Média de mortes de quilombolas dobra entre 2018 e 2022, diz pesquisa

Três meses após o assassinato de Maria Bernadete Pacífico, a Mãe Bernadete, do Quilombo de Pitanga dos Palmares, na Bahia, a Coordenação Nacional de Articulação das Comunidades Negras Rurais Quilombolas (Conaq) e a Terra de Direitos divulgaram, nesta sexta-feira ,17, um estudo que mostra o crescimento da violência em comunidades tradicionais. Segundo a nova edição da pesquisa Racismo e Violência contra Quilombos no Brasil, a média anual de assassinatos praticamente dobrou nos últimos cinco anos, se comparado ao período de 2008 a 2017. 

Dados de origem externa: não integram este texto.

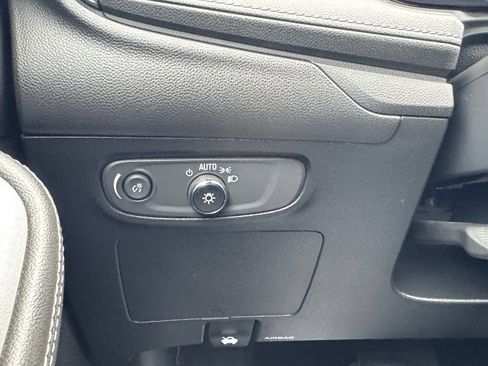 Used 2024 Buick Encore GX Sport Touring AWD/4WD image 15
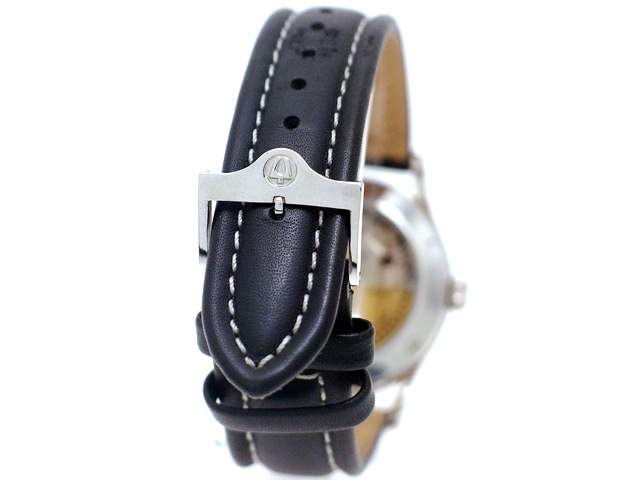 ブローバ　自動巻　希少　BVC301 ホワイト ブローバ クラシック BVC301 ネイビー文字盤 21石自動巻 USED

A morte de Mãe Bernadete, em agosto, não está contabilizada no estudo. Em 2023, há um levantamento preliminar de sete mortes. A pesquisa mostra que, entre 2018 e 2022, houve 32 assassinatos em 11 estados. Ainda de acordo com o estudo, as principais causas desses ataques foram conflitos fundiários e violência de gênero.

Ao menos 13 quilombolas foram mortos no contexto de luta e defesa do território.  As entidades pretendem entregar o estudo a autoridades do Executivo federal e estaduais e secretarias de Justiça dos estados, além do Poderes Legislativo e Judiciário a partir desta sexta-feira.

Na primeira edição da pesquisa (2008 a 2017), havia um mapeamento de 38 assassinatos ocorridos no período de dez anos (2008-2017). A média anual de assassinatos, que era de 3,8, passou a ser de 6,4 ao ano. Em 15 anos, 70 quilombolas foram assassinados.

Racismo

Segundo uma das pesquisadoras, a socióloga Givânia Maria da Silva, coordenadora do coletivo nacional de educação da Conaq, o levantamento foi feito em campo nas próprias comunidades. Ela identifica que os números vão além do que é noticiado pelos meios de comunicação e espelham uma estrutura racista da sociedade brasileira.

A questão da terra no Brasil é fundamental na discussão, assinalam as entidades pesquisadoras. “Ao falar da política de terra, a gente vê o quanto essa questão é atravessada pelo racismo. No Brasil, a impressão que eu tenho é que falar de terra, tendo pessoas negras como proprietárias, parece que ainda é mais grave”, acentua.

O coordenador da Terra de Direitos, Darci Frigo, sublinha que demonstrações de racismo estrutural e institucional formam o pano de fundo da violência. Ele acrescenta que a morosidade do processo de regularização fundiária proporciona que a violência se amplie. Por isso, é necessário, explica, que a gestão pública atue tanto no combate à violência como nas ações de garantia de direitos. “Não ter política pública gera mais violência”, opina.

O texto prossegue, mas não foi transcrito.